Real Estate Inc. has a backend service, which emits JSON messages to an S3 bucket, whenever a listing on their website is created, updated, or deleted. This data needs to be flattened and consumed via a dashboard, containing only the currently active listings on the website.
The solution consists of two main parts:
- Lambda Functions: For handling the publishing service and the ingestion of listing CRUD events.
- Data Pipeline: Using Delta Live Tables (DLT) to process and manage the data, implementing both Bronze, Silver, and Gold tables, including an SCD2 table for historical changes.
- CI/CD Pipeline: Utilizing GitHub Actions for continuous integration and deployment.
- Infrastructure as Code: Managing infrastructure with Terraform.
This Lambda function simulates the behavior of the publishing service by generating and updating listings. It handles:
- Creation of Listings: Generates new listings with random data.
- Updating Listings: Updates existing listings with random modifications.
- Deletion of Listings: Deletes existing listings based on a random choice.
This Lambda function captures the CRUD events from the publishing service and reflects them onto a staging bucket. It handles:
- Detection of Events: Listens for object creation and deletion events in the S3 bucket.
- Processing Events: Retrieves the file contents for created objects and constructs a message payload.
- Storing Events: Writes the processed events to a staging S3 bucket with a unique hash identifier.
- Raw Listings Data: Contains raw listings data with S3 events, capturing JSON objects from the sales_and_rentals listings.

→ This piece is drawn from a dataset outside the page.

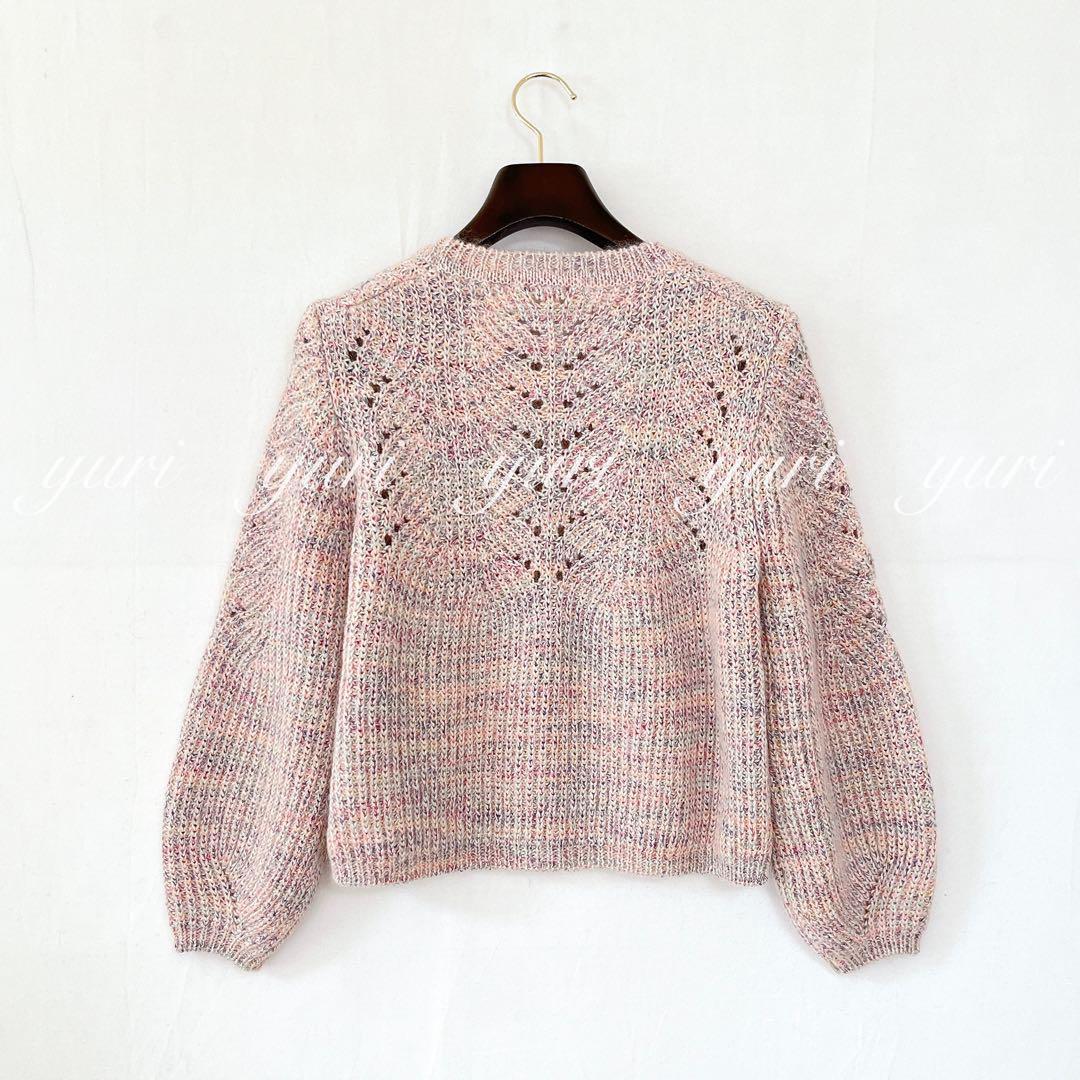 1299】アナイ モヘヤ+カラー杢地柄 プルオーバー 36 ピンク - メルカリ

- Flattened Listings Data: Processes the raw data to flatten the JSON structure, removing nested fields and ensuring each column represents a property from the original JSON document.

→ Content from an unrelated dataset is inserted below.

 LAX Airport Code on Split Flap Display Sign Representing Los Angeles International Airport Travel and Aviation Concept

- Current Listings Data: Maintains the latest state of each listing, including deletions, and ensures the data is available for querying from a Data Warehouse.
- Historical Listings Data: Tracks the SCD Type 2 history for listings, including records that have been deleted, with start and end timestamps for validity and an
is_current
boolean to indicate the current record.
The infrastructure is managed in its entirety by Terraform.
GitHub Actions is used for continuous integration and deployment. The workflow automates the following steps:
- Zipping Lambda Functions: Packages the Lambda functions.
- Terraform Initialization: Initializes Terraform in the workspace.
- Terraform Plan and Apply: Applies the Terraform plan to deploy the infrastructure.
The CI/CD pipeline ensures that any changes to the codebase or infrastructure are automatically tested and deployed, maintaining consistency and reliability in the deployment process.